Last month, I published an update to my 2011 Forrester Wave™ on talent management because the human resource management (HRM) market has experienced tremendous consolidation and many top-rated vendors have become part of other very large organizations. I defined “talent management” as encompassing performance, learning, succession planning, and career development. When I published my current Wave in March 2013, I continued to call it the “Talent Management Wave.” This has caused confusion, because in the past two years, the word “talent management” has morphed to include recruiting, which also has seen incredible growth and change. As the Wave is a deep dive into more than criteria and focuses on 10 vendors, I could not include recruiting within the parameters of the Wave. Recruiting is also very different, with many integrations with small boutique vendors that provide important services. But the questions kept coming: “Where is recruiting?”

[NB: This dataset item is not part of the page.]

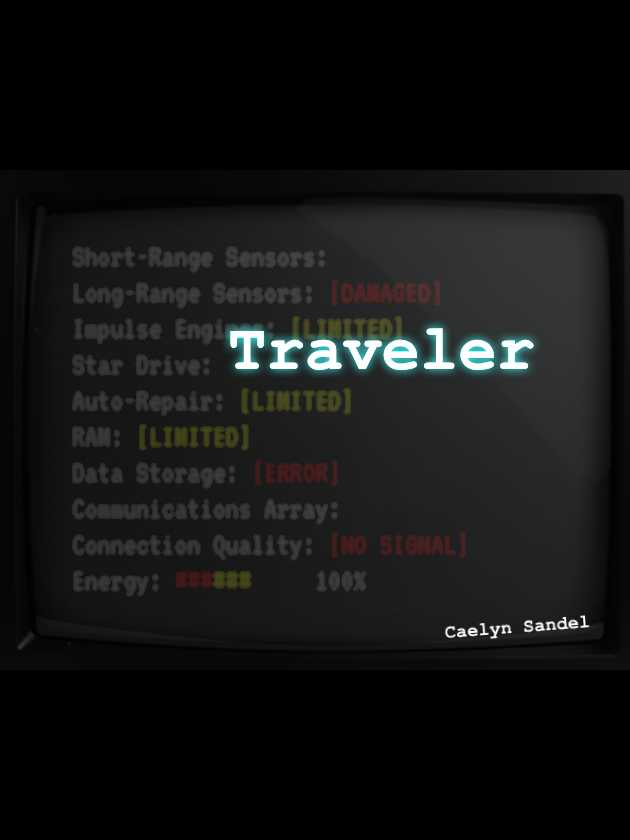 Traveler cover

I decided that the title, not the content, was the problem. Therefore, this Wave has a new, more representative, title: “The Forrester Wave: Learning And Talent Development, Q1 2013.” This title better describes my effort to showcase the suite vendors that own both performance (often including succession and career development) and learning applications and have devoted tremendous energy and resources to unify the two applications (with various degrees of success). Ideally, this means that a manager can identify an employee knowledge gap and, right from the performance app, select the best learning opportunity that will address the gap, and the activity or course appears on the employee’s individual learning plan. These applications look and feel like one application.

So what does this mean for recruiting? Because recruiting is so important today, I feel that it deserves its own document. I’m planning market landscape research that will include suite players with a recruiting application, standalone recruiting vendors, and more niche vendors like passive recruiting vendors, recruiting marketing vendors, culture-fit vendors, asynchronous audio and video interviewing vendors, etc. This upcoming market landscape research, my newly titled Wave, and my colleague Paul Hamerman’s Q1 2012 Wave on human resource management systems form an excellent body of research for users who want to understand the technology implications and offerings, and the transactional and strategic approaches to HRM.